(Web page caption snippets)
============================================================

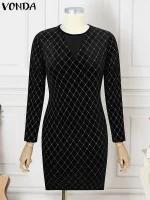 Plus Size Sexy Lace Patchwork Mini Dress – 2025 Elegant Long Sleeve Sundress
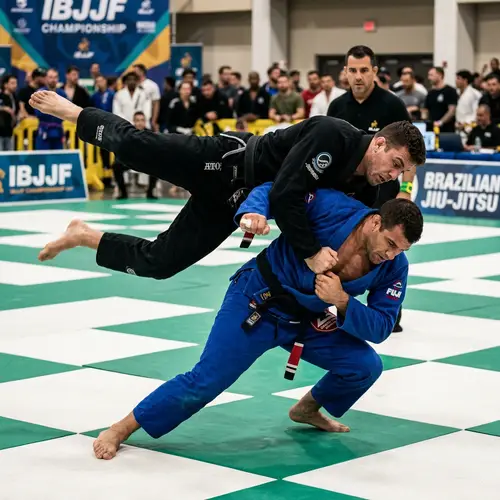 Brazilian Jiu-Jitsu Match on Checkered Dojo Mat
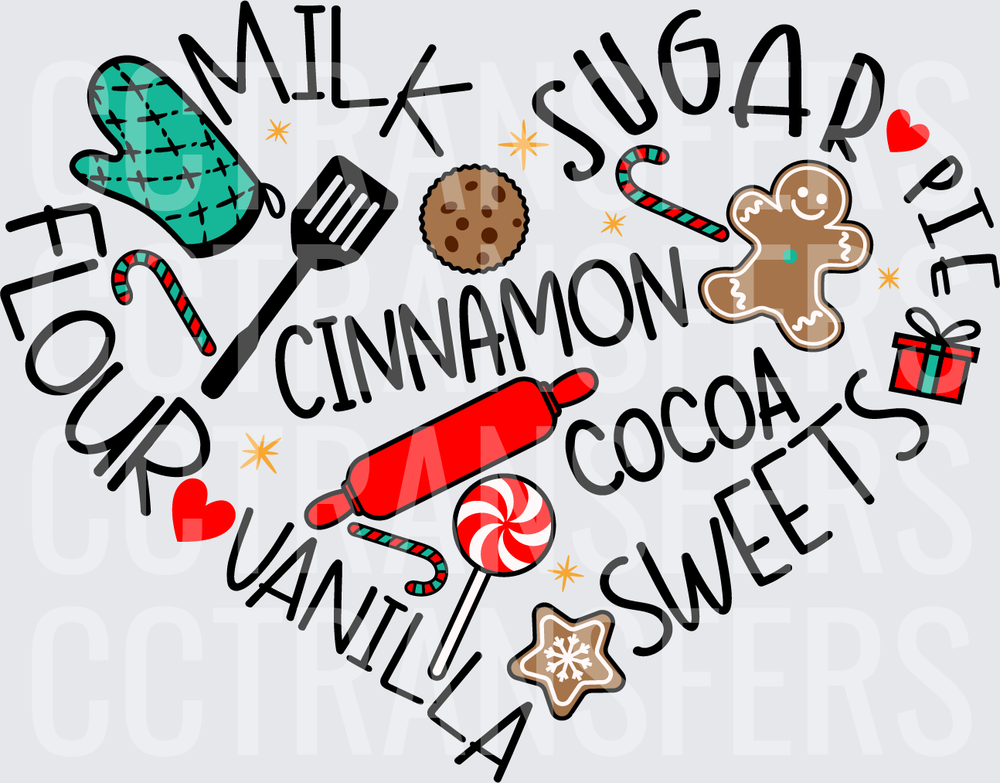 Christmas Baking Heart Milk Sugar Flour Cinnamon Cocoa (DTF)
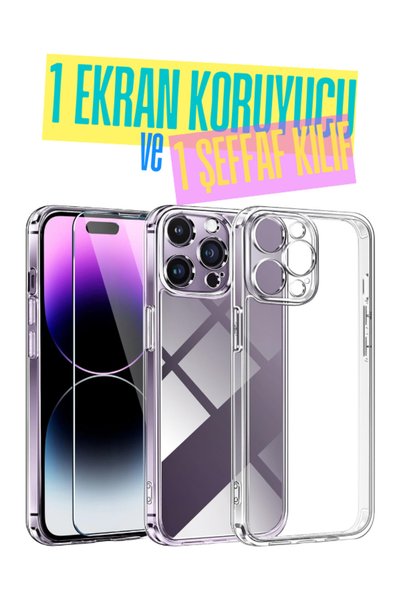 Evax 1C1K iPhone 14 Pro Max Compatible 1 Camera Protected Transparent Silicone Case + 1 Tempered Glass Screen Protector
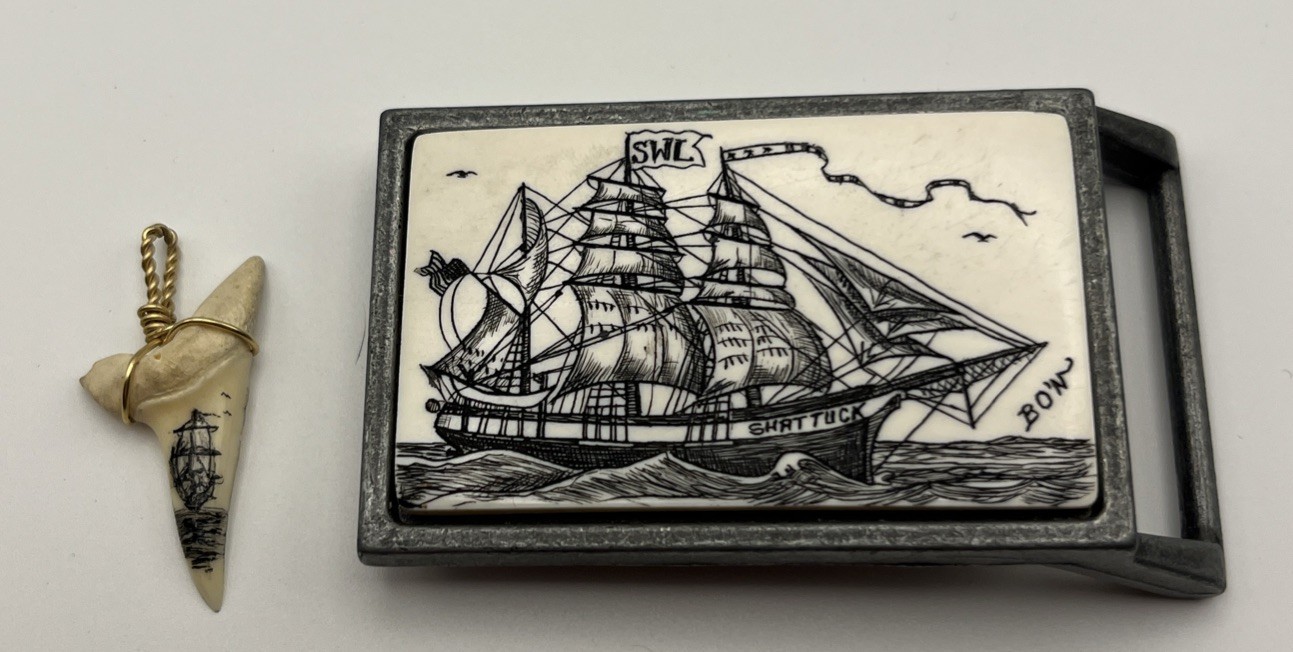 Lot of 2 Scrimshaw Nautical Set Belt Buckle & Wire Wrapped Shark Tooth Pendant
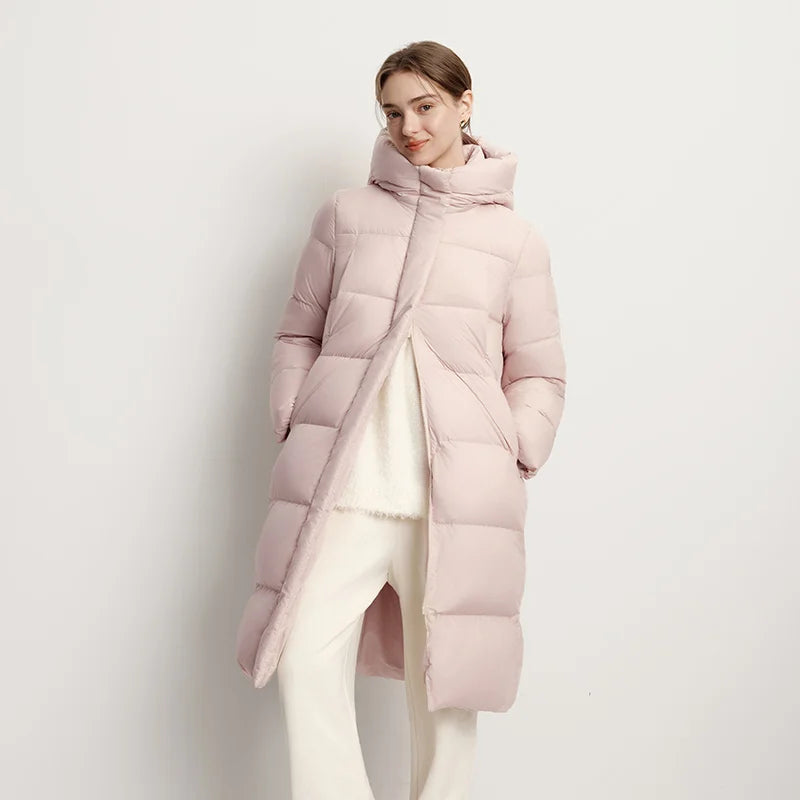 Semir Down Jacket Women Winter Long 90% Duck Down Waterproof Oil-proof Stain-proof 2025 New Solid Hooded winter woman clothes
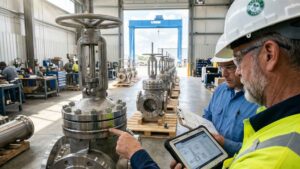 Senior IMV quality inspector performing Positive Material Identification (PMI) Testing on a massive industrial gate valve using a handheld XRF analyzer and digital tablet for technical verification.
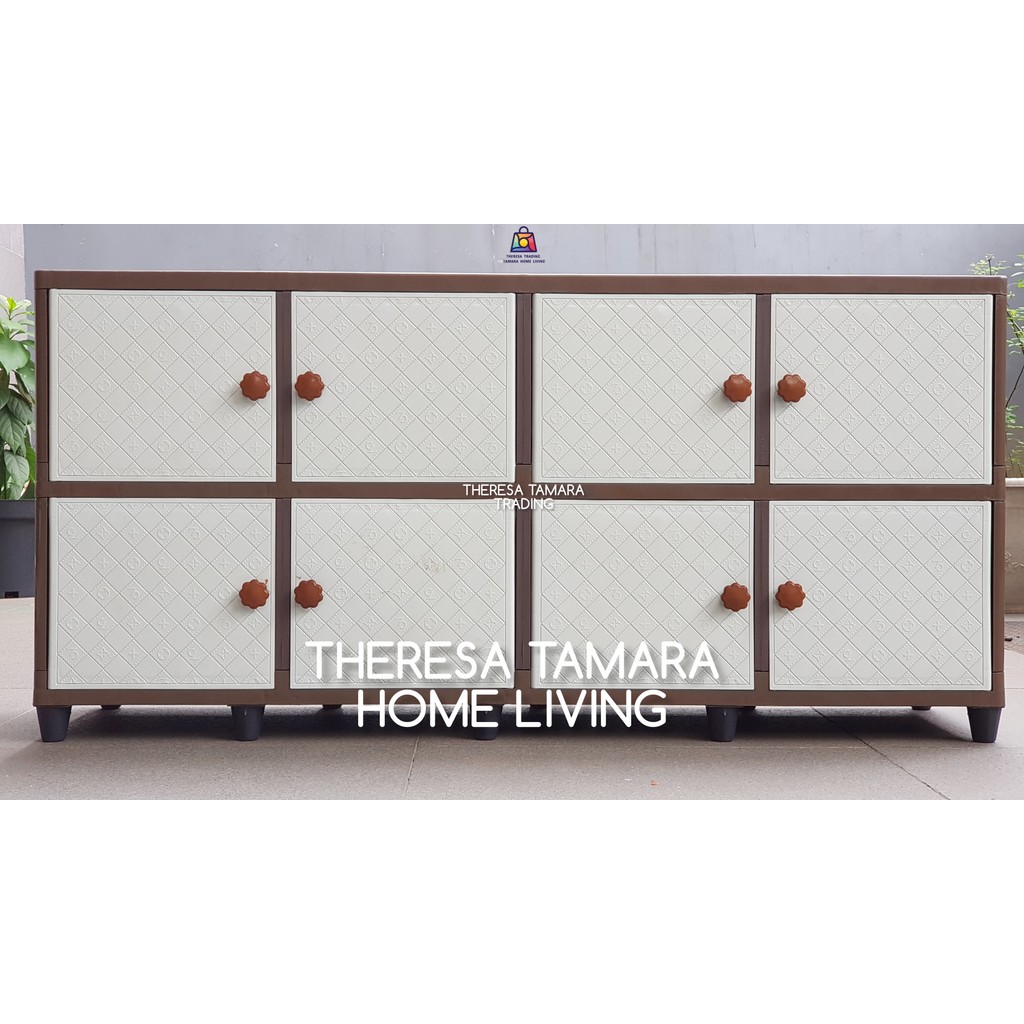 LEMARI TV MEJA RAK TV CLUB QUATRO 2 MEJA TV LED PLASTIK 8 PINTU QUATRO SERIES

============================================================

§ ACTIVITY
Quote verbatim every line starting at the line that contains "Senior IMV quality" and ending with the last line of the records; omit all pictures.

§ FINISHED EXERCISE
 Senior IMV quality inspector performing Positive Material Identification (PMI) Testing on a massive industrial gate valve using a handheld XRF analyzer and digital tablet for technical verification.
 LEMARI TV MEJA RAK TV CLUB QUATRO 2 MEJA TV LED PLASTIK 8 PINTU QUATRO SERIES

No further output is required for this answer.